Provided data:
[Start of Attachment]
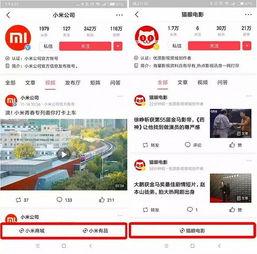 写小说头条小程序,揭秘写小说头条小程序的神奇魅力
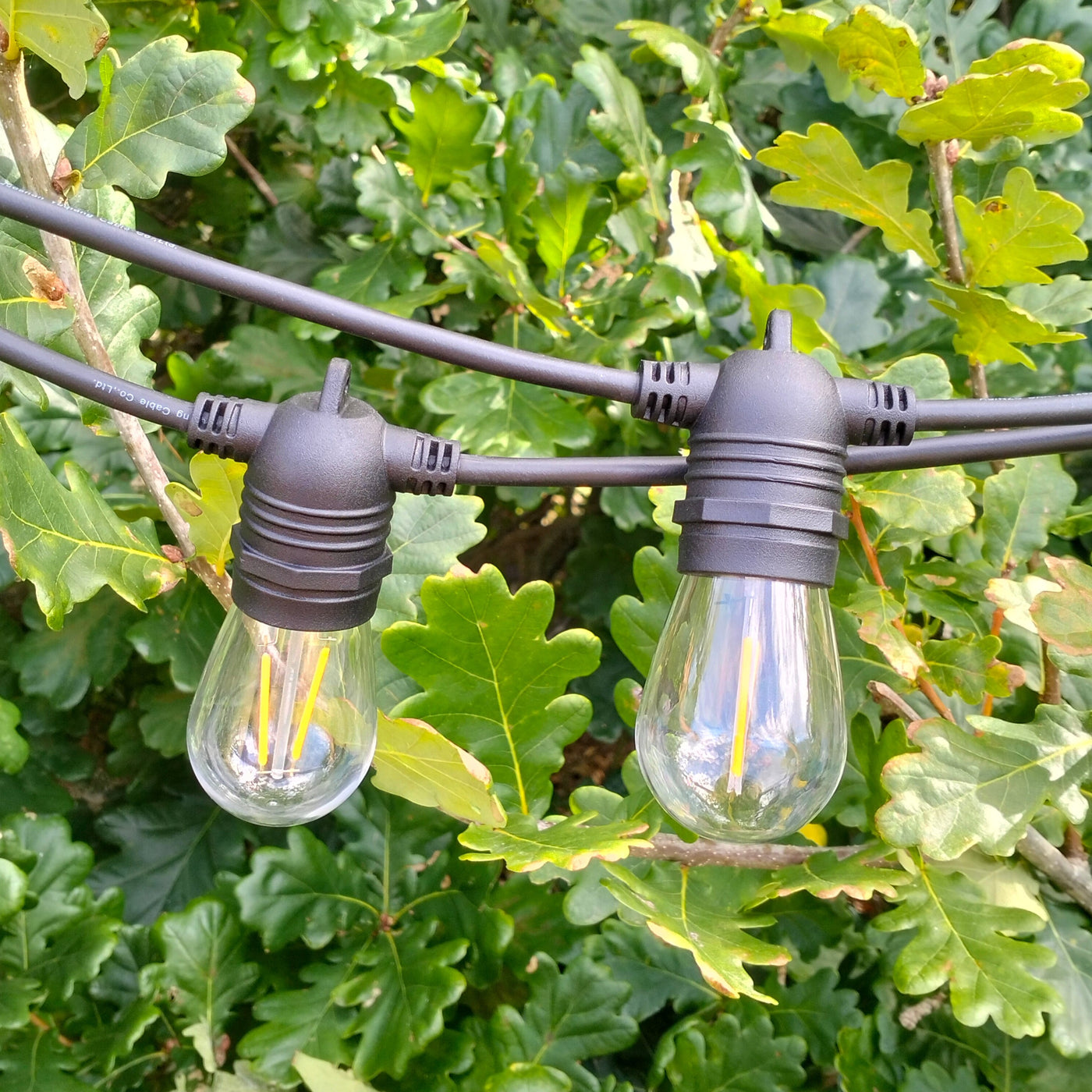 Flush Mount | 5.5m 10 Bulbs | S14 2w | Dimmable Festoon Lights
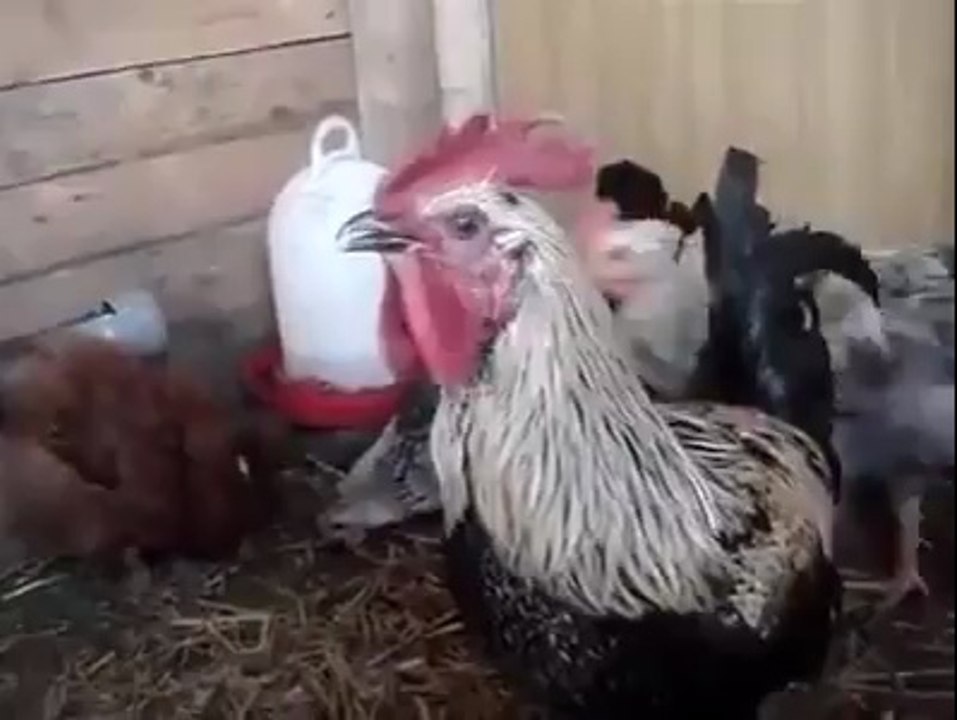 OMG Check this Deadly Roaster !!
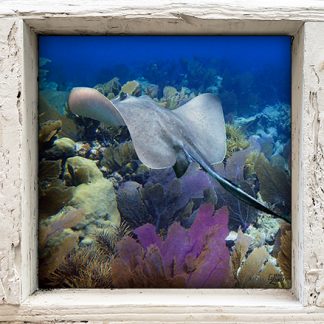 "Sting Ray with Reef"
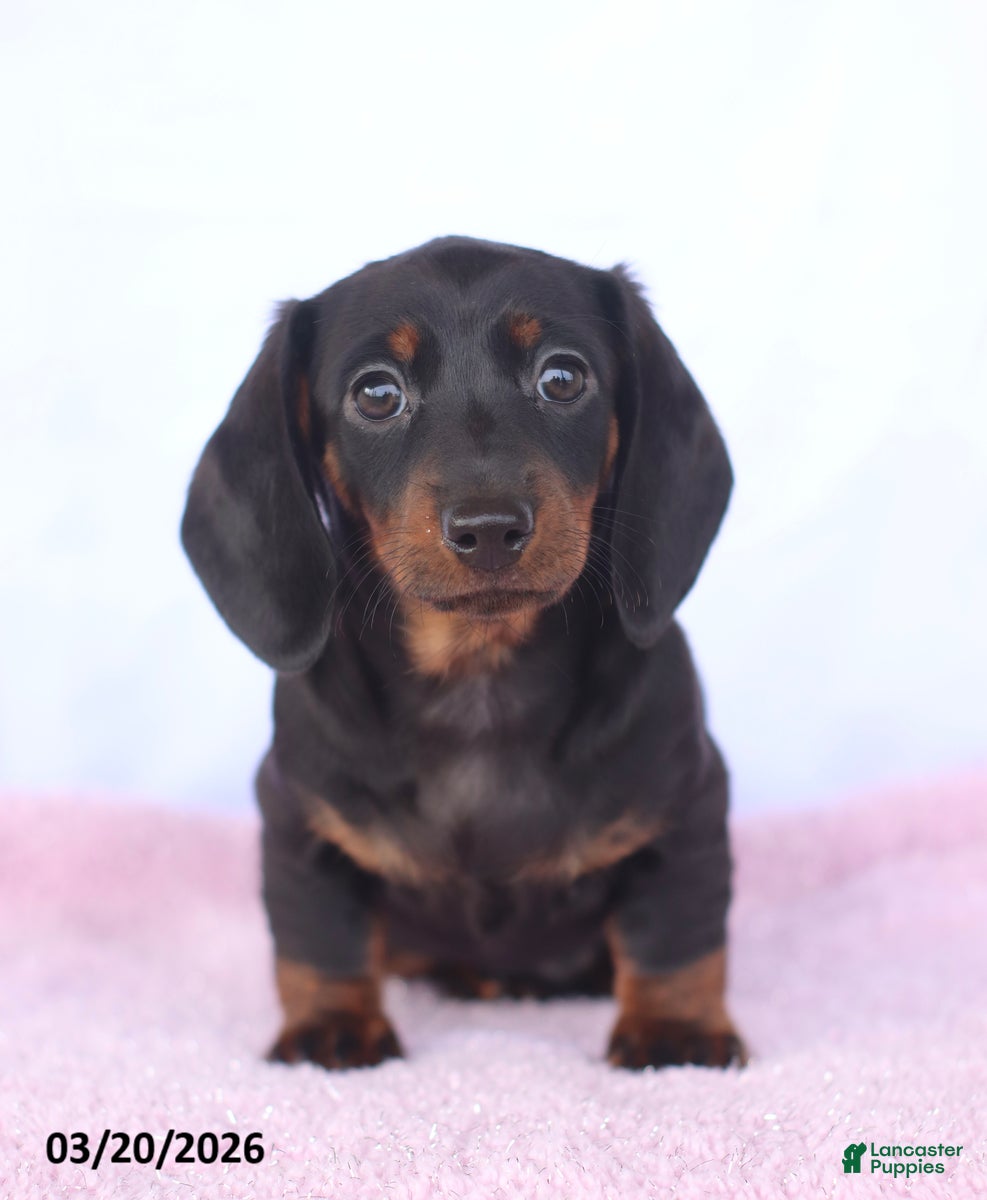 Miniature Dachshund dogs Audrey - Ad 1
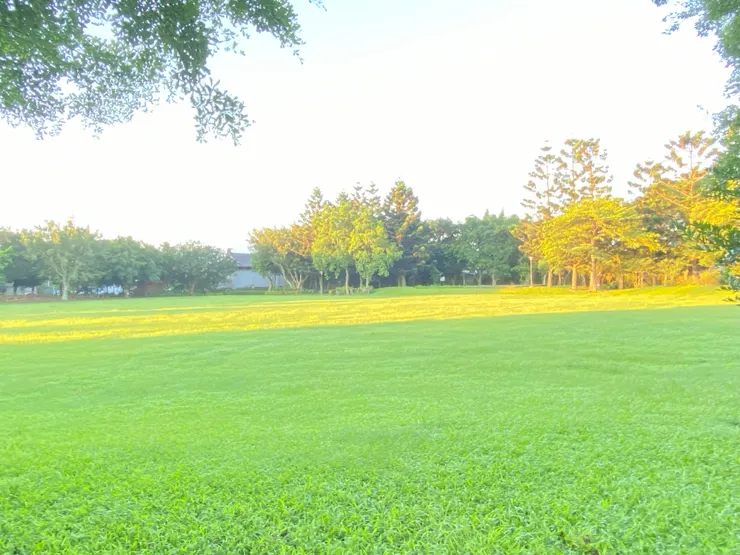 飯店正對面的景色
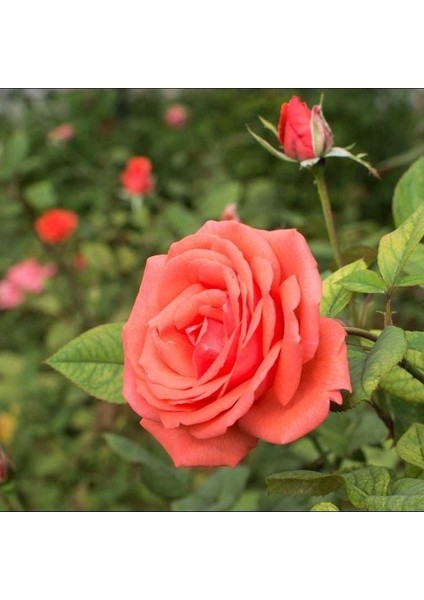 Tüplü Koleksiyonluk Yediveren Harmonie Yoğun Kokulu Gül Fidanı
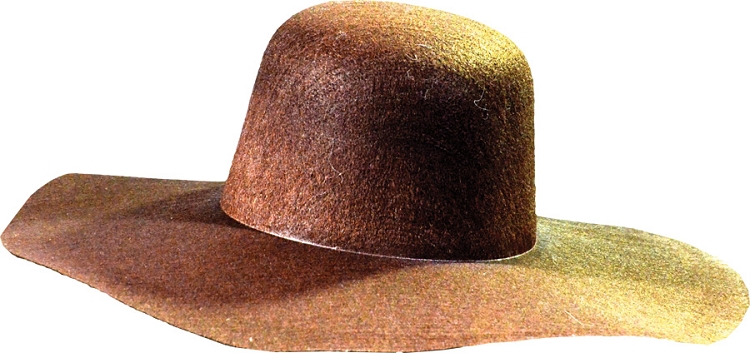 Jeepers Creepers Hat Brim 4 7/8 in. One Size Fits Most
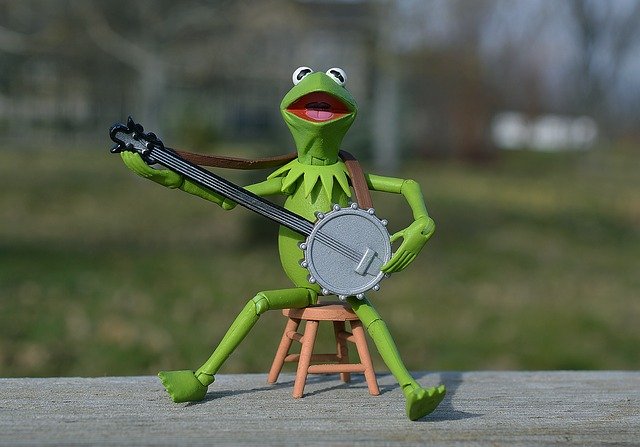 kermit-1784902-640.jpg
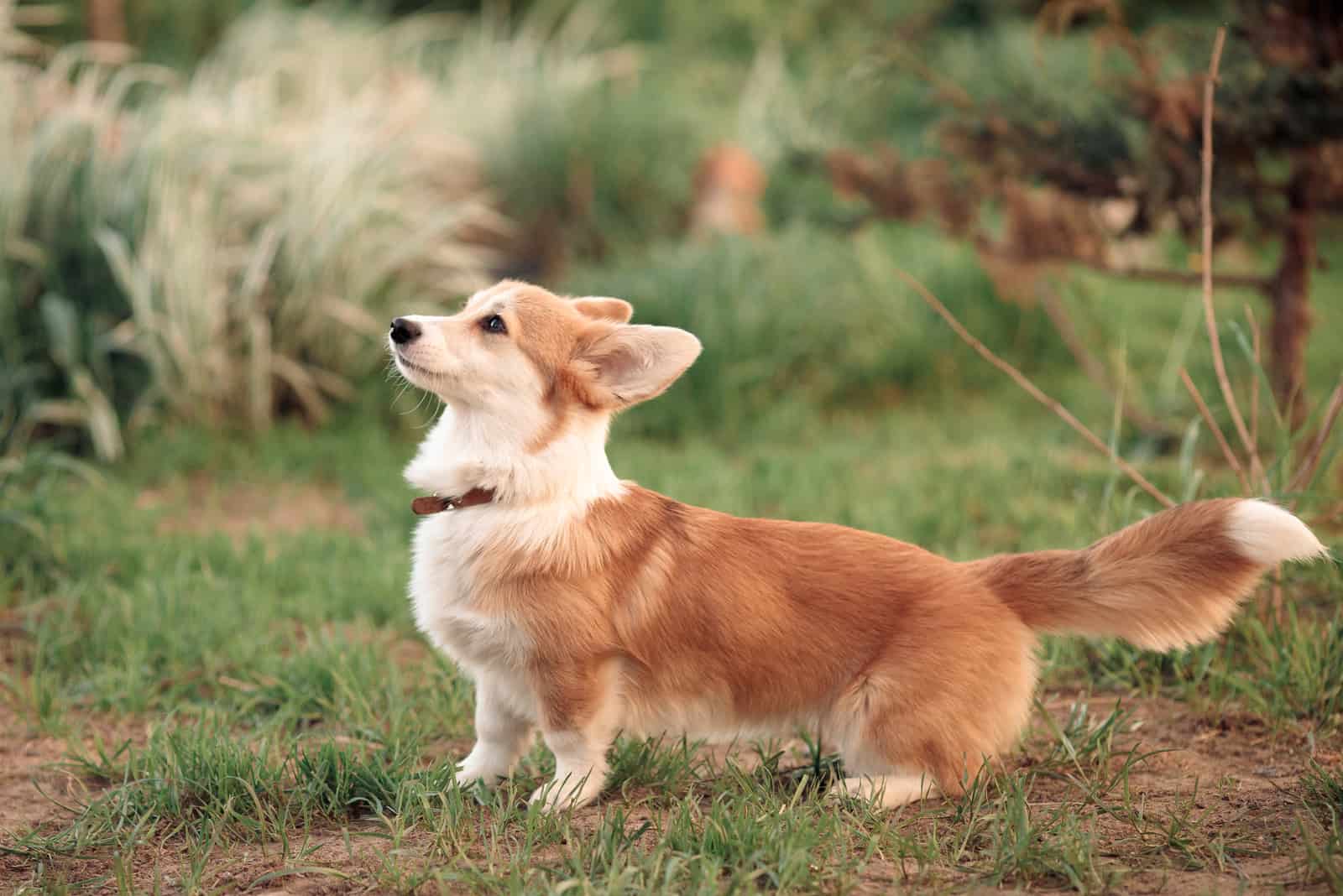 happy dog playing on grass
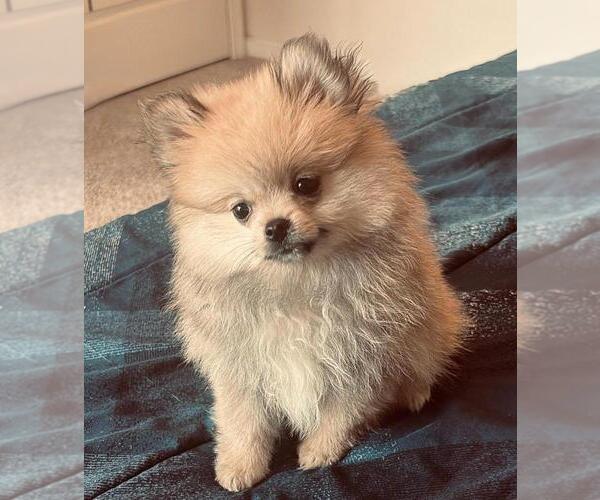Medium Photo #7 Pomeranian Puppy For Sale in OAKWOOD, GA, USA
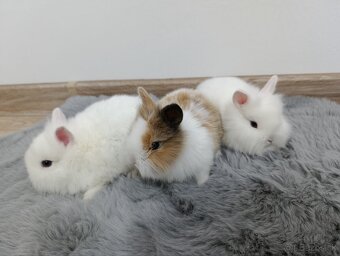 Zakrsly zajačik - 2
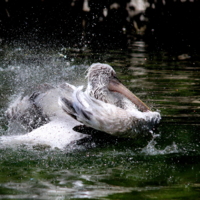Пеликан купается
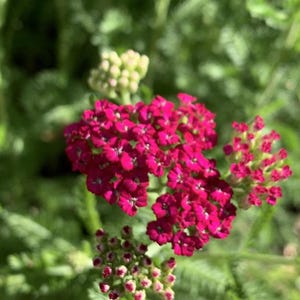 Pretty Pink Yarrow Plant | Live Achillea Millefolium Perennial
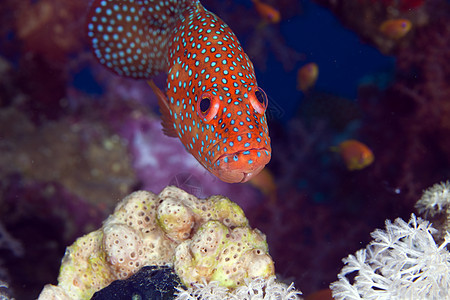 红海的珊瑚遗迹热带海景太阳蓝色海洋红色情调盐水绿色环境图片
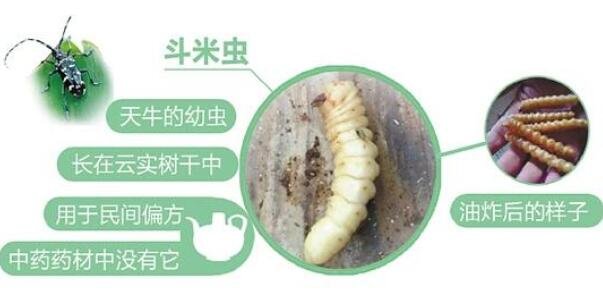 斗米虫的功效与作用，斗米虫的5种食用方法(3大功效)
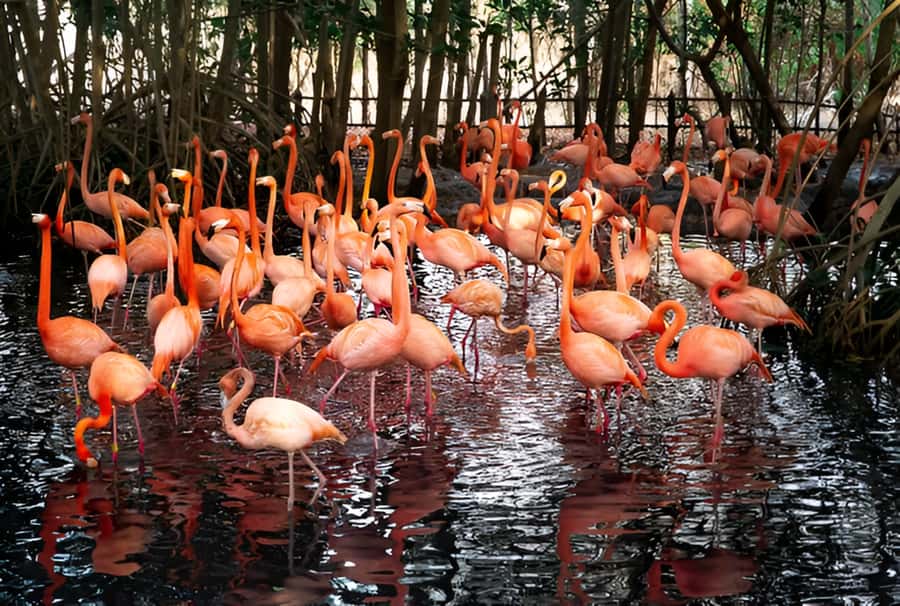 Cartagena: Daytour Aviary and Playa blanca, Barú by bus! - Key points to know before booking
[End of Attachment]
Exercise goal:
A word-for-word repetition of the data above, without pictures, is the expected answer.

Problem solution:
 写小说头条小程序,揭秘写小说头条小程序的神奇魅力
 Flush Mount | 5.5m 10 Bulbs | S14 2w | Dimmable Festoon Lights
 OMG Check this Deadly Roaster !!
 "Sting Ray with Reef"
 Miniature Dachshund dogs Audrey - Ad 1
 飯店正對面的景色
 Tüplü Koleksiyonluk Yediveren Harmonie Yoğun Kokulu Gül Fidanı
 Jeepers Creepers Hat Brim 4 7/8 in. One Size Fits Most
 kermit-1784902-640.jpg
 happy dog playing on grass
Medium Photo #7 Pomeranian Puppy For Sale in OAKWOOD, GA, USA
 Zakrsly zajačik - 2
Пеликан купается
 Pretty Pink Yarrow Plant | Live Achillea Millefolium Perennial
 红海的珊瑚遗迹热带海景太阳蓝色海洋红色情调盐水绿色环境图片
 斗米虫的功效与作用，斗米虫的5种食用方法(3大功效)
 Cartagena: Daytour Aviary and Playa blanca, Barú by bus! - Key points to know before booking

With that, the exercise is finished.